Cette image de figure surhumaine s’étiole dès la deuxième chanson, L’imposture, sur laquelle la musicienne se questionne sur cette image qu’on a créée d’elle, tandis qu’elle prend conscience du regard des autres, sur fond de pop clinquante qui révèle une belle maîtrise des codes de la dance music :

« Me voici

Me voilà

Comme vous

Je me vois

Dans la désinvolture

Le poids de l’imposture ».

– L’imposture

On dira de ce nouveau disque de Lydia Képinski qu’il est bien sûr plus pop et qu’il néglige le côté davantage art-rock de son prédécesseur au profit d’une approche plus consensuelle. Mais l’instrumentation ne fait pas foi de tout. Sur le fond, ces nouvelles chansons égratignent tout autant que celles de Premier juin. Elles sont presque aussi sombres, même si elles sont davantage destinées aux planchers de danse. À cet égard, un titre comme Vaslaw (en référence aux origines polonaises de son père) est une véritable bombe dans l’esprit de Désenchantée de Mylène Farmer. On ne peut nier également l’influence d’Ariane Moffatt, qui a contribué à tracer le chemin au Québec en matière de pop électronique aux arrangements sophistiqués.

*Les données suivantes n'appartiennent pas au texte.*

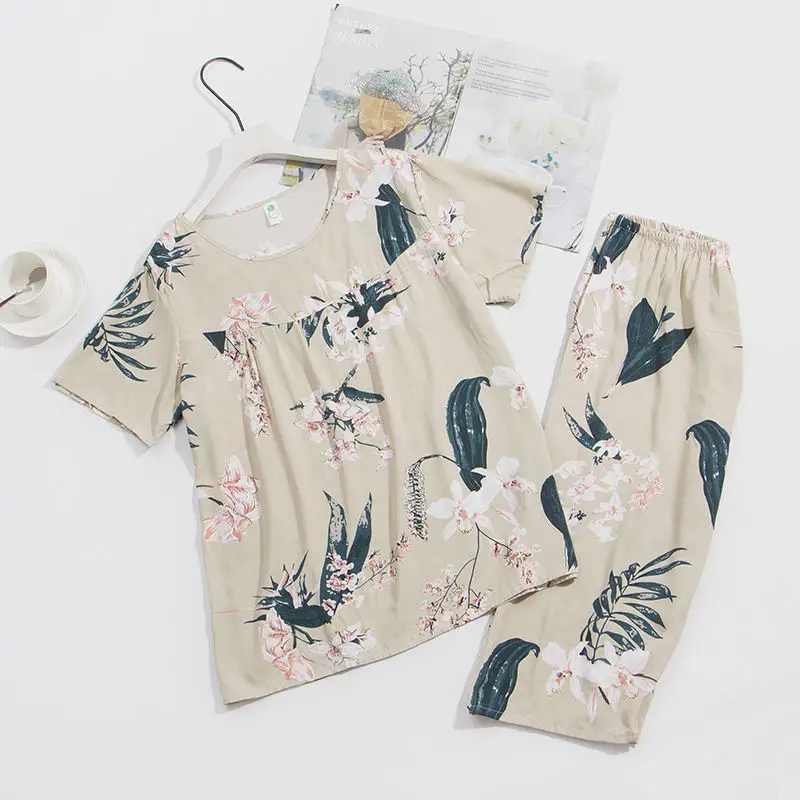 Mother's Cotton Silk Floral Short Sleeve Suit Plus Size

Même s’il est de facture plus lisse, Depuis est un objet un peu difficile à saisir parce qu’il joue sur plusieurs tableaux. Au fil des onze chansons, on passe de l’ironie (MTL me déteste) à l’exaltation (Deux jours) à la solitude (puissante Arbol) à l’ivresse de la tournée (Vacances-travail). Oui, ça donne parfois des excès, mais au final, c’est cette multitude qui fait l’unicité de Lydia Képinski. Qu’elle arrive à créer un univers aussi poétique et dramatique dans un contexte pop relève de l’exploit.